The U.S. Army Corps of Engineers led the camp's ice-coring effort. The

Americans managed to drill their way right down to the bottom of the ice

sheet, but when they were finished they didn't quite know what to do

with the core they had produced. It fell to Chester Langway, a

glaciologist who was working for the Corps's Cold Regions Research and

Engineering Laboratory, to figure something out. Langway is now

semi-retired and operates a small antique store on Cape Cod. He recalled

travelling all around the country, attempting to drum up interest. "Some

people looked at it and they said, 'That's just ice,' which it's not,"

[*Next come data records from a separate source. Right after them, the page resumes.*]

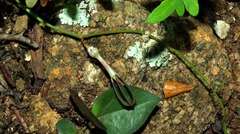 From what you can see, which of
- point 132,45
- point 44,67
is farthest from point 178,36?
point 44,67

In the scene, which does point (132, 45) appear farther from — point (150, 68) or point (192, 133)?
point (192, 133)

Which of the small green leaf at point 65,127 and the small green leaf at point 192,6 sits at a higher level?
the small green leaf at point 192,6

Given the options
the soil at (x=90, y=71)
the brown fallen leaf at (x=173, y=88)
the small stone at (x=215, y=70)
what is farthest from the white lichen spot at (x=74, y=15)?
the small stone at (x=215, y=70)

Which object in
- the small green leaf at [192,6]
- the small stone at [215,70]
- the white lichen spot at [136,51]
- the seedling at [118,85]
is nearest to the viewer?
the small green leaf at [192,6]

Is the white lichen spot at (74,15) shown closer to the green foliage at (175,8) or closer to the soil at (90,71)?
the soil at (90,71)

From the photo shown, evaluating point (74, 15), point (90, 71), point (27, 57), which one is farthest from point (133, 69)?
point (27, 57) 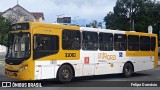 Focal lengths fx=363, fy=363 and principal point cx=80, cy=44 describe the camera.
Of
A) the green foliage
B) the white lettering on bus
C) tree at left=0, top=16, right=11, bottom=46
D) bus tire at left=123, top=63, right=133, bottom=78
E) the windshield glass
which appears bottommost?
bus tire at left=123, top=63, right=133, bottom=78

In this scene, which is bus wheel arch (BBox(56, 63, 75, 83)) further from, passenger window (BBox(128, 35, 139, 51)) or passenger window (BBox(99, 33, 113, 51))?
passenger window (BBox(128, 35, 139, 51))

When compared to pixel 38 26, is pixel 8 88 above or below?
below

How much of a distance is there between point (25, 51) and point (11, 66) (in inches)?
36.8

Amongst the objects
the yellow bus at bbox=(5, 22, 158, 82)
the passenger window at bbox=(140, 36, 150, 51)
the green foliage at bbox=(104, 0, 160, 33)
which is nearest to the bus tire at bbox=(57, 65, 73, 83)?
the yellow bus at bbox=(5, 22, 158, 82)

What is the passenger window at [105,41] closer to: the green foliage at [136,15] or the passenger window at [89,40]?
the passenger window at [89,40]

he told me. Eventually, he and Dansgaard got in touch, and together the

two men made the first study of the core.

At the time, one of the central questions in climate research was how

ice ages began and how they ended. One theory, first worked out in

detail in the nineteen-twenties by a Serbian astrophysicist named

Milutin Milankovitch, was that glaciers advance and retreat in response

to slight, periodic changes in the Earth's orbit. These changes alter

the distribution of sunlight at various latitudes during various

seasons, and Milankovitch predicted that the strongest effects would be

observed at intervals of nineteen thousand, twenty-three thousand,

forty-one thousand, and a hundred thousand years.

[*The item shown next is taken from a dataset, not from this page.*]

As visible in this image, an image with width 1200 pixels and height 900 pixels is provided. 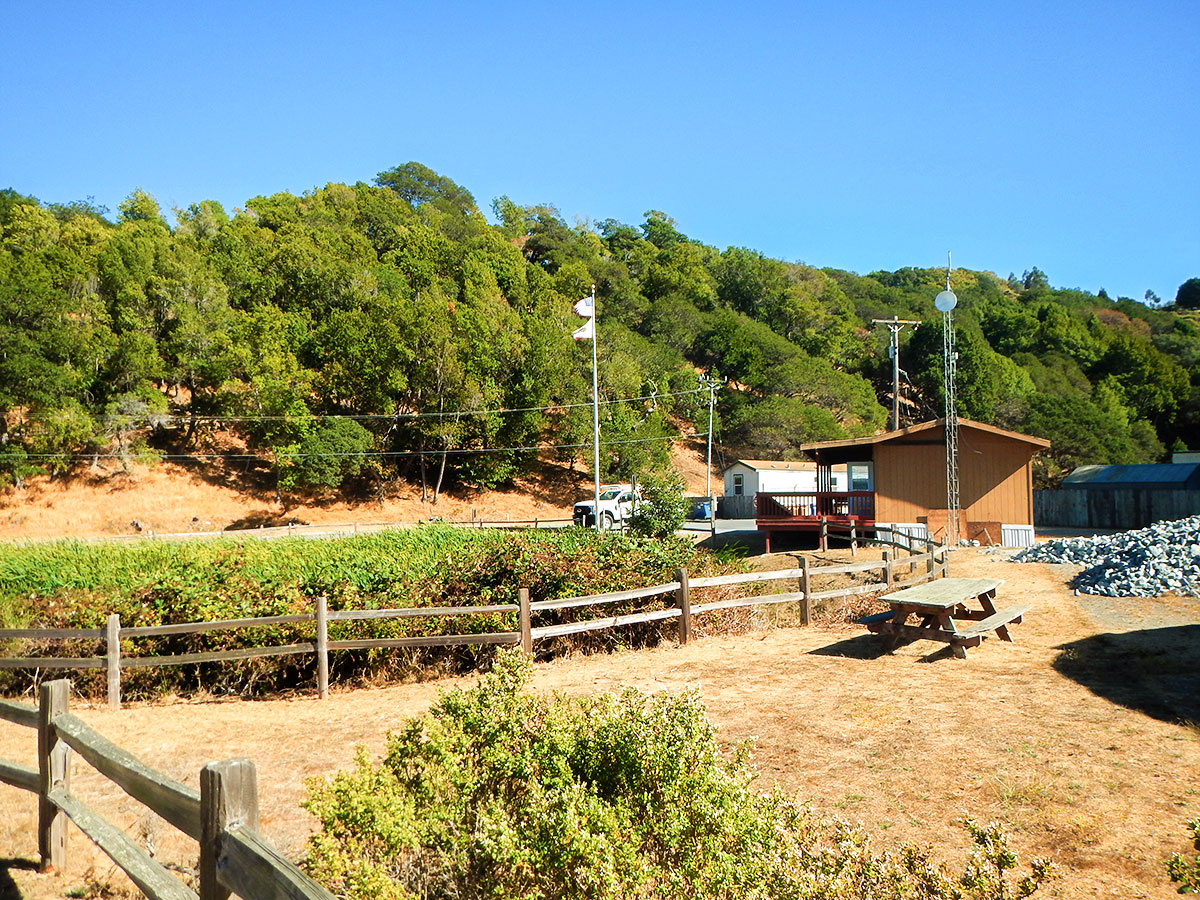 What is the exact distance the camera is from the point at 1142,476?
129 ft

Dansgaard and Langway's study of the Camp Century core confirmed these

so-called Milankovitch cycles but also gave evidence of the climate's

carnival- ride-like reversals. This evidence was dismissed by many as an

idiosyncrasy of the polar ice. Sigfus Johnsen was a student of

Dansgaard's who worked with him on the Camp Century core, and he

happened to be travelling to North GRIP at the same time I was. Johnsen

is now sixty-one, with wispy white hair and pale-blue eyes, and looks

like a slightly dissolute Santa. He told me that the scientists working

on the Camp Century core weren't sure themselves what to make of what

they had found. "It was too incredible, something we didn't expect at

all," he said.

It took fifteen years for anyone to drill another Greenland core.

Largely because of Dansgaard and Langway's friendship, this second core

was a European-American collaboration. It was drilled at an American

radar base, Dye 3, a spot chosen for budgetary rather than scientific

reasons, and from the outset everyone involved in the project knew that

the location was a problem. Dye 3 was so close to the coast that the

oldest layers of ice had mostly flowed out to sea. Nevertheless, the

core confirmed all the most significant Camp Century results,

demonstrating that findings which had seemed anomalous were at least

reproducible. When the Dye 3 results were published, in the early

nineteen-eighties, they set off what is perhaps best described as an ice

rush, and the spirit of international coperation quickly broke down. The

Europeans decided to drill a new core where the ice is most stable,

along the ice divide, and the Americans decided to do the same thing

some twenty miles away.

Theorists are still struggling to catch up with the data from those two

cores, the first of which was completed in 1992 and the second a year

later. No known external force, or even any that has been hypothesized,

seems capable of yanking the temperature back and forth as violently,

and as often, as these cores have shown to be the case. Somehow, the

climate system -- through some vast and terrible feedback loop -- must,

it is now assumed, be capable of generating its own instabilities. The

most popular hypothesis is that the oceans are responsible. Currents

like the Gulf Stream transfer heat in huge quantities from the tropics

toward the poles, and if this circulation pattern could somehow be shut

off -- by, say, a sudden influx of freshwater -- it would have a swift

and dramatic impact. Computer modellers have tried to reproduce such a

shutdown, with some success. But once the ocean circulation comes to a

halt, modellers have had a hard time getting it to start up again. "We

are in a state now where the more we know, the more it becomes clear how

little we really understand about the system," the oceanographer Jochem

Marotzke told me.

For at least half a million years, and probably a lot longer, warm

periods and ice ages have alternated according to a fairly regular, if

punishing, pattern: ten thousand years of warmth, followed by ninety

thousand years of cold. The current warm period, the Holocene, is now

ten thousand years old, and, all things being equal -- which is to say

had we not interfered with the pattern by burning fossil fuels -- we

should now be heading toward another ice age.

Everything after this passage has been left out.